* WHAT THE EXERCISE ASKS
Print the data below verbatim, minus images.

* EXTRACTED MATERIAL

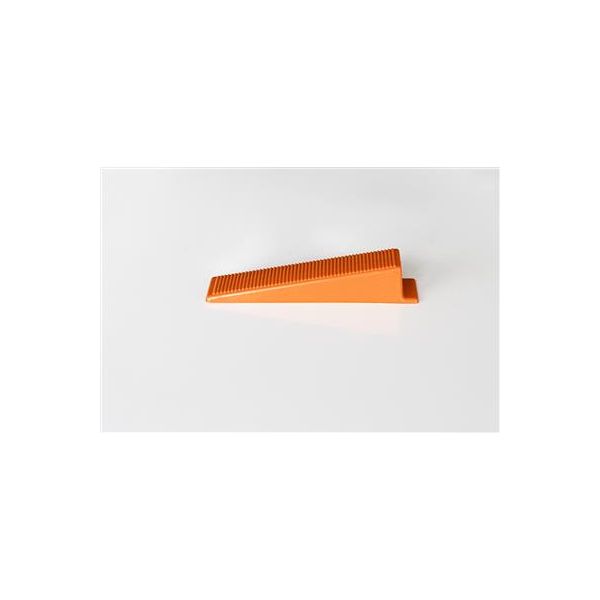 Steenbok Levelsysteem Wigjes á 100 st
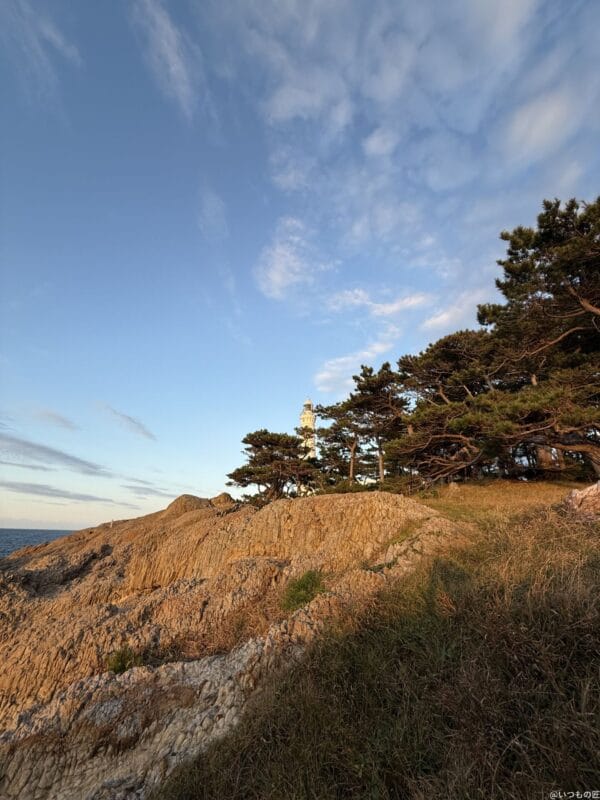 iPhone 16 Pro/16 Pro Max カメラ
iPhone 16 Pro Maxでズーム撮影した風景写真
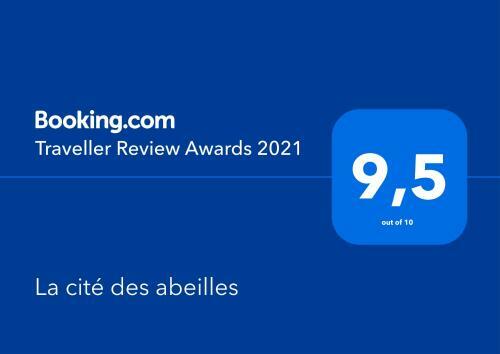 La Cit� Des Abeilles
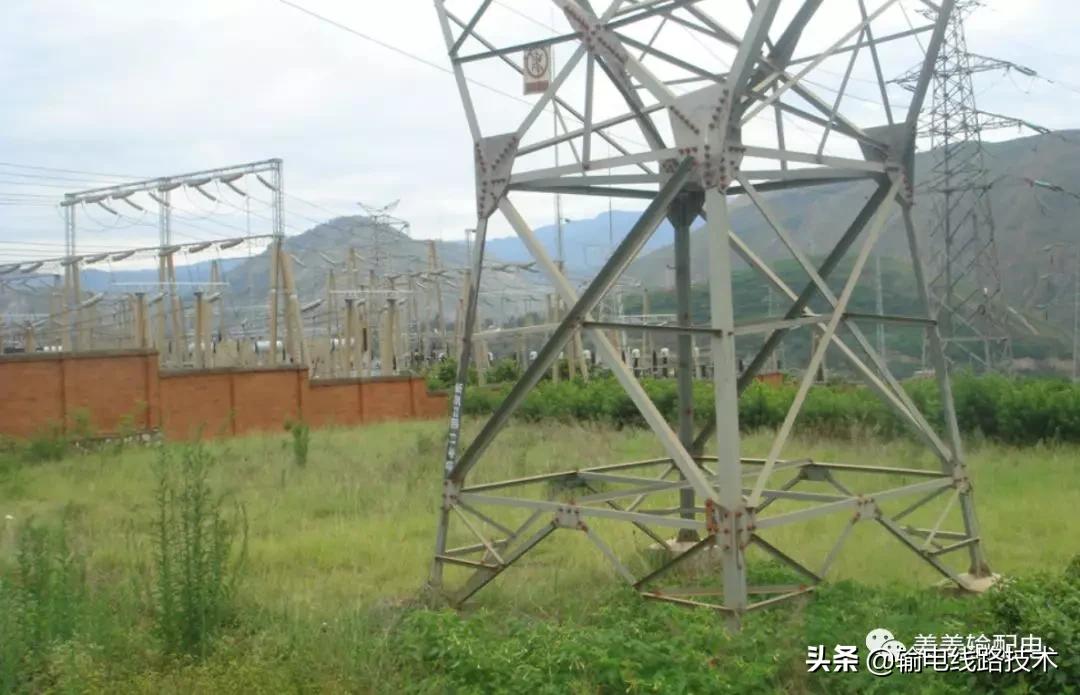 输电铁塔地脚螺栓施工,高压铁塔怎么预埋地脚螺栓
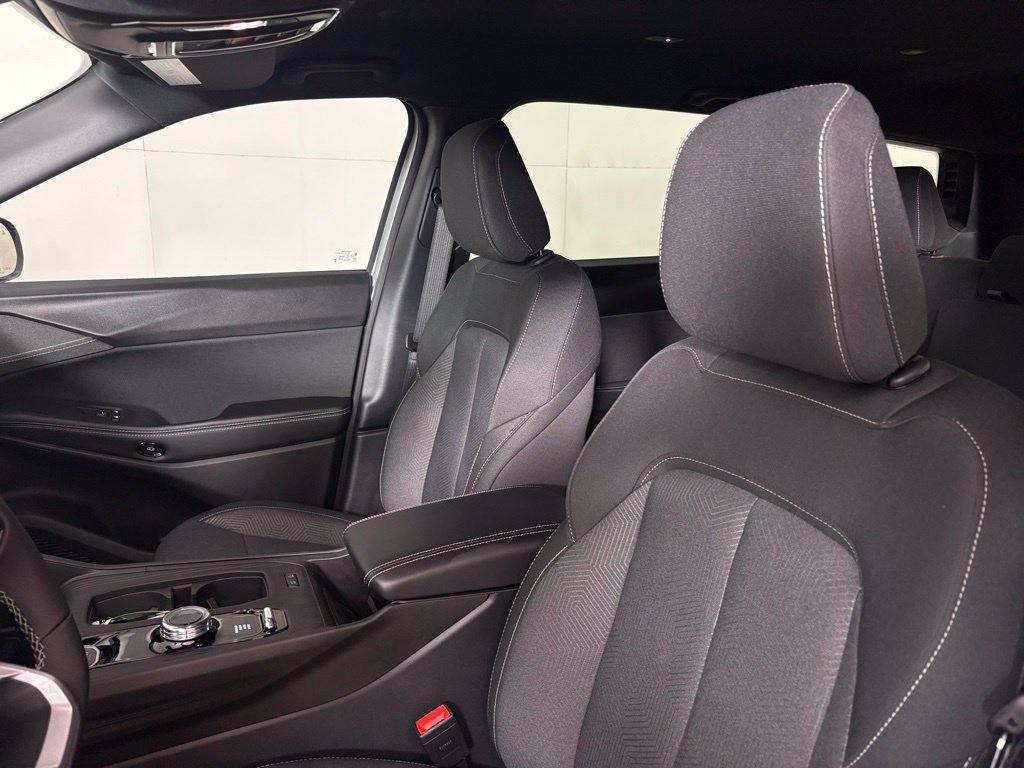 New 2026 Jeep Cherokee Laredo AWD/4WD image 19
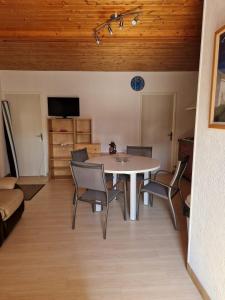 Appartements Gite Pauline : photos des chambres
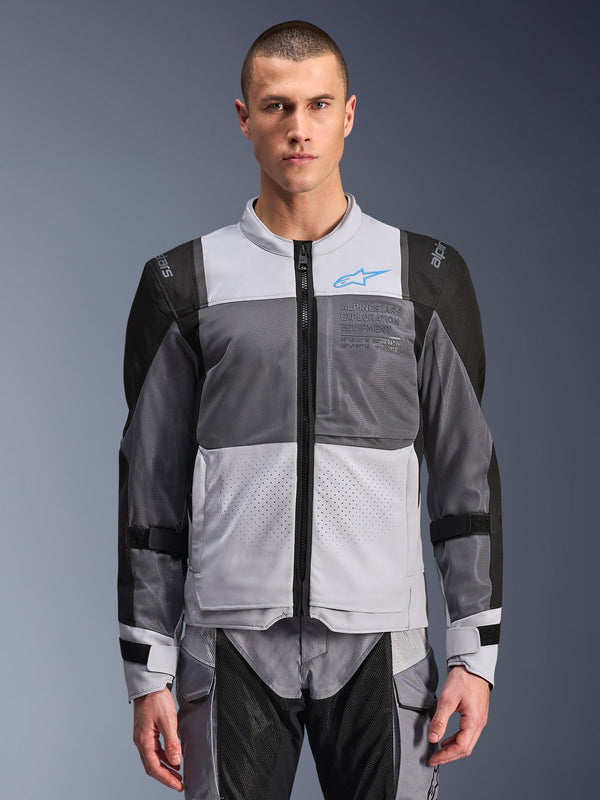 Alpinestars ST-2 Air Jas - MxProStoreParts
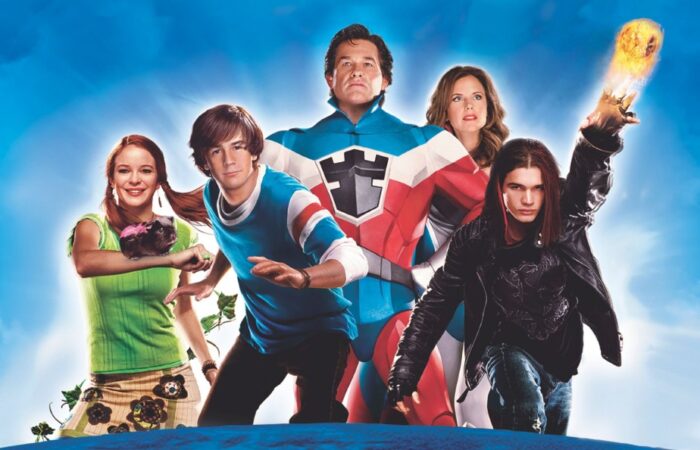7 Filmes de Super-Heróis Subestimados que Mereciam Franquias Épicas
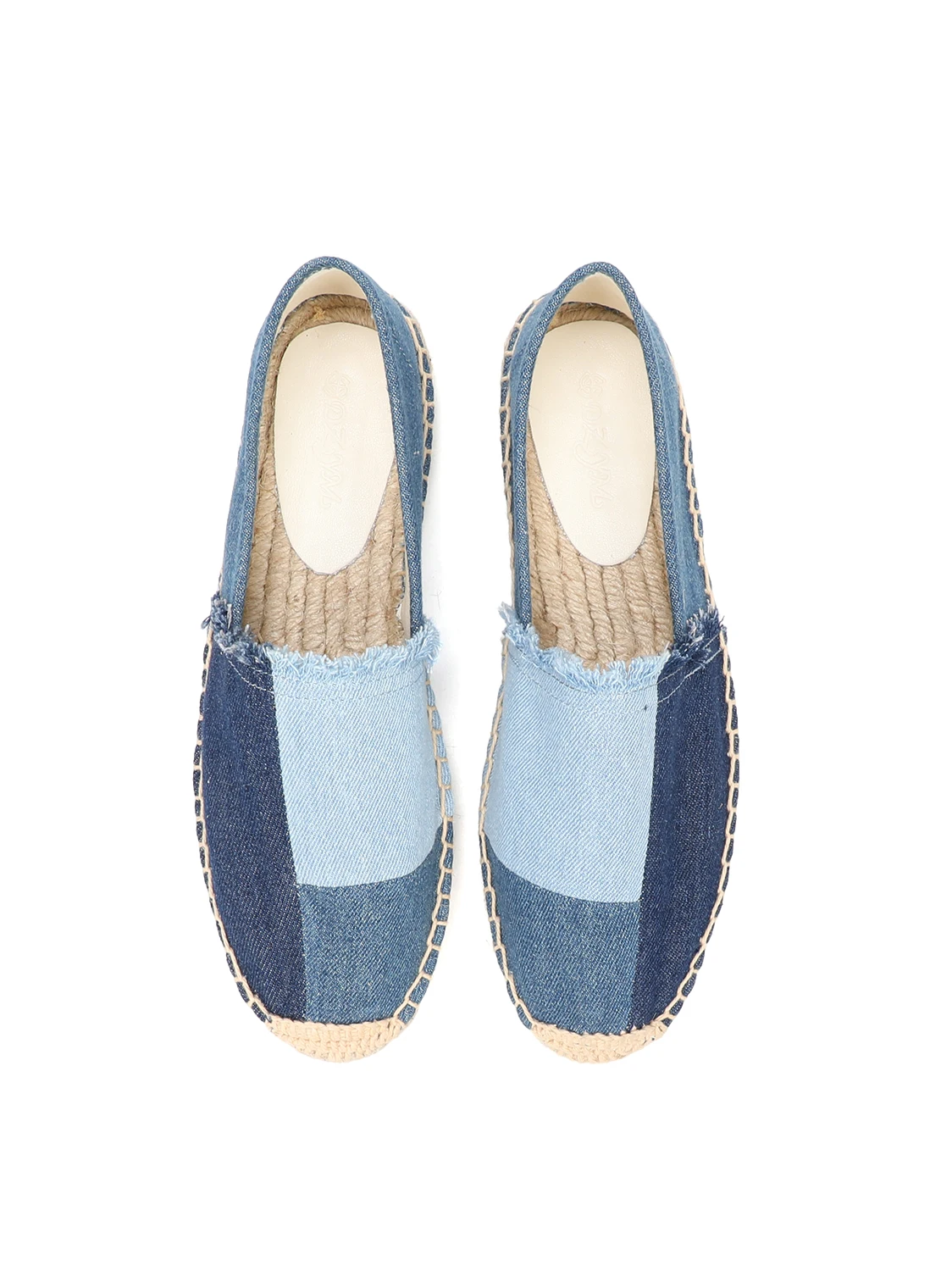 USS Shoes Clara Women's Fashion Espadrilles - Luxuryurbanwear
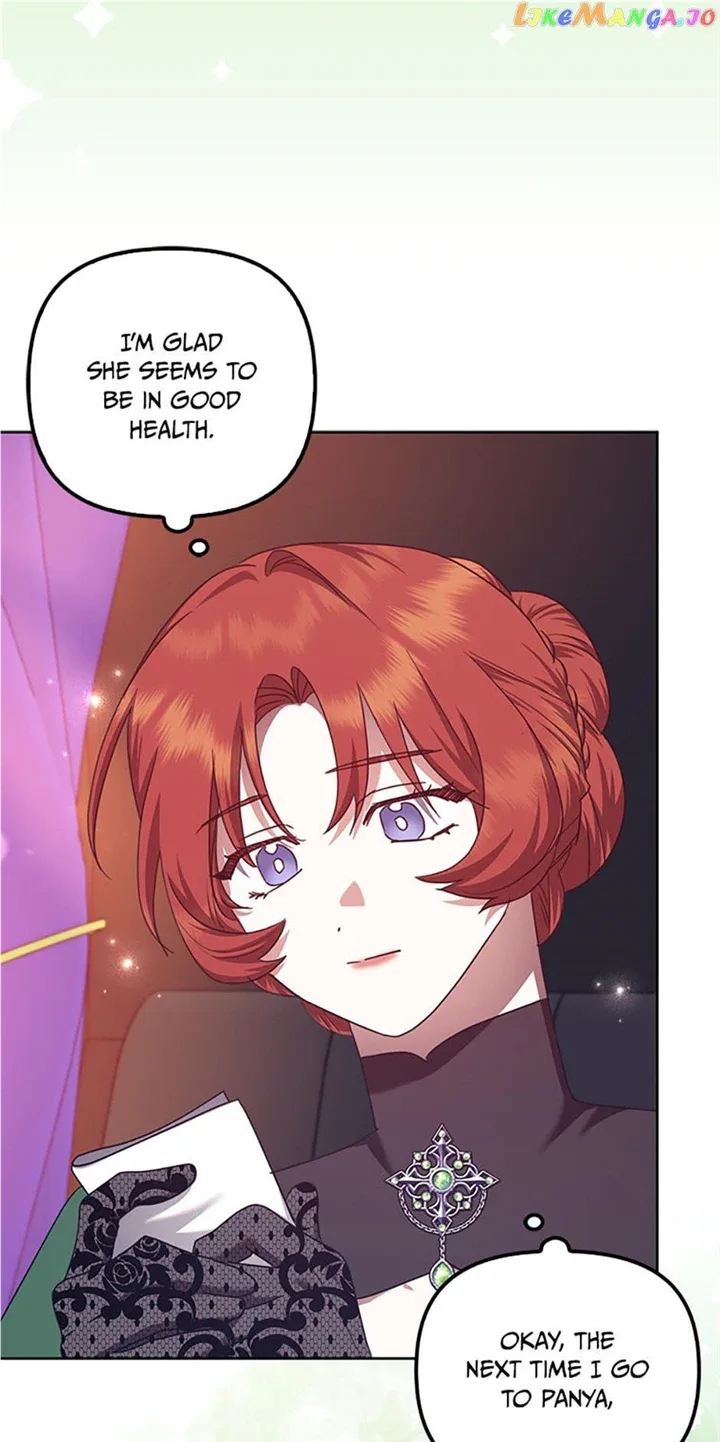The Abandoned Bachelorette Enjoys Her Simple Life Chapter 31 page 62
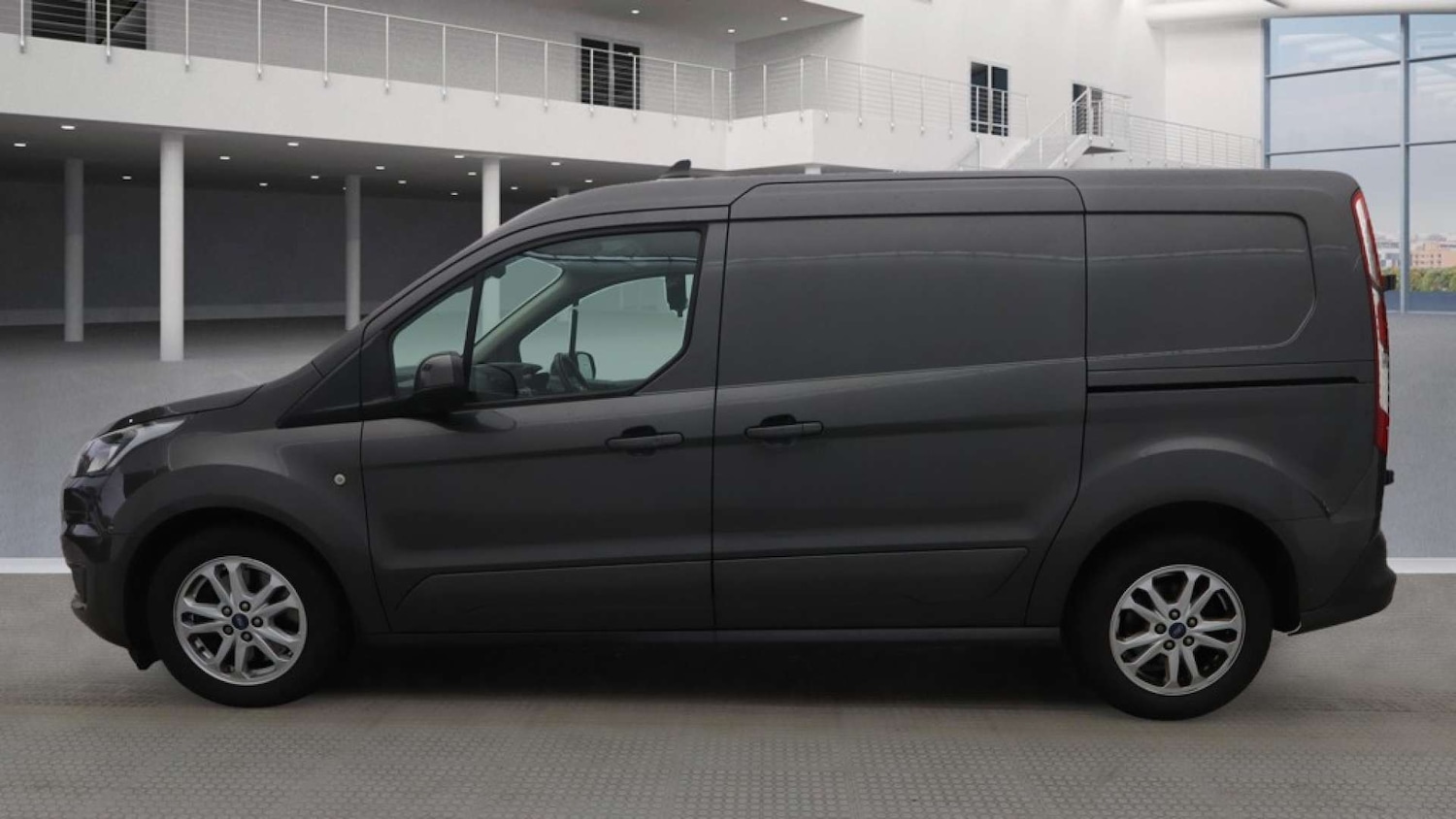 Used Ford Transit Connect 2021 for sale - 76601416: Photo 7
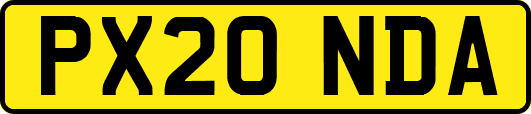 PX20NDA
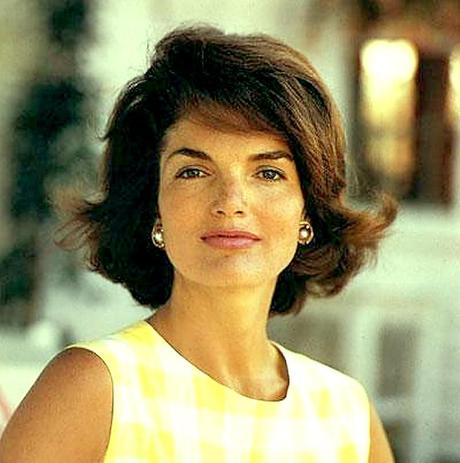 28 LUGLIO JAQUELINE BOUVIER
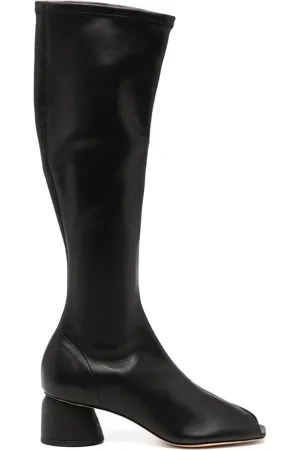 Studio Amelia 50mm Quixote boots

* RESPONSE TO THE EXERCISE
 Steenbok Levelsysteem Wigjes á 100 st
 iPhone 16 Pro/16 Pro Max カメラ
iPhone 16 Pro Maxでズーム撮影した風景写真
 La Cit� Des Abeilles
 输电铁塔地脚螺栓施工,高压铁塔怎么预埋地脚螺栓
 New 2026 Jeep Cherokee Laredo AWD/4WD image 19
 Appartements Gite Pauline : photos des chambres
 Alpinestars ST-2 Air Jas - MxProStoreParts
7 Filmes de Super-Heróis Subestimados que Mereciam Franquias Épicas
 USS Shoes Clara Women's Fashion Espadrilles - Luxuryurbanwear
The Abandoned Bachelorette Enjoys Her Simple Life Chapter 31 page 62
 Used Ford Transit Connect 2021 for sale - 76601416: Photo 7
 PX20NDA
 28 LUGLIO JAQUELINE BOUVIER
 Studio Amelia 50mm Quixote boots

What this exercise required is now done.